--- START ---

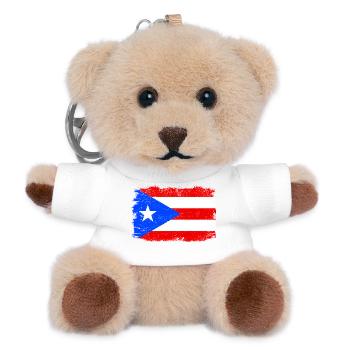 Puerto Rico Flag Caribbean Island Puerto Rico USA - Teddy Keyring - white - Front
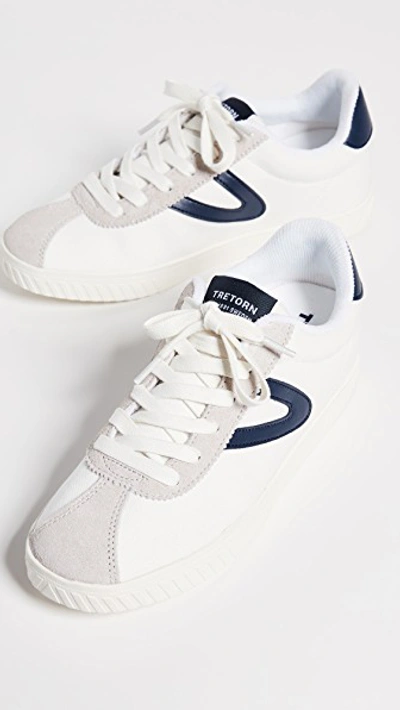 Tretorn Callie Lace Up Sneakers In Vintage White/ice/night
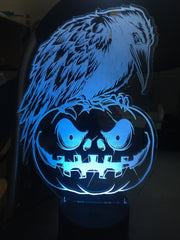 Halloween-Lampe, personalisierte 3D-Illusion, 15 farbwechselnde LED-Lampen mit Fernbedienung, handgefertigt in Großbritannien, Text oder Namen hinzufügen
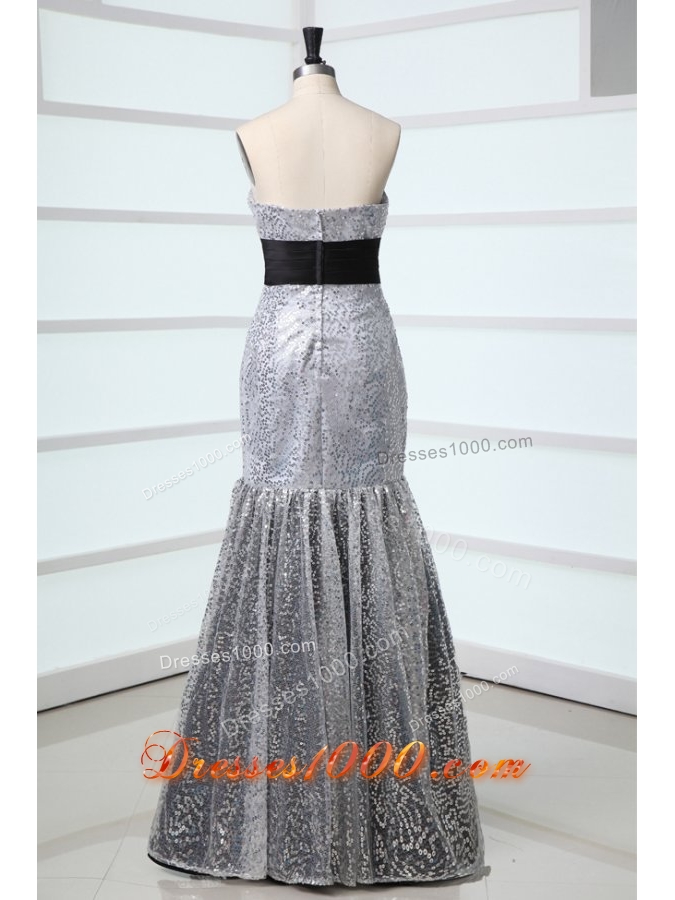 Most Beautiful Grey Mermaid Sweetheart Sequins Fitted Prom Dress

--- END ---
--- START ---

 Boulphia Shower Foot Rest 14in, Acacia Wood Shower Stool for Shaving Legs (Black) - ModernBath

--- END ---

▸ **Required action**
When you reach the line holding "Tretorn Callie Lace" in the listing above, begin retyping exactly, and stop once the line holding "Most Beautiful Grey" is done; pictures stay out.

▸ **Response to the task**
 Tretorn Callie Lace Up Sneakers In Vintage White/ice/night
 Halloween-Lampe, personalisierte 3D-Illusion, 15 farbwechselnde LED-Lampen mit Fernbedienung, handgefertigt in Großbritannien, Text oder Namen hinzufügen
 Most Beautiful Grey Mermaid Sweetheart Sequins Fitted Prom Dress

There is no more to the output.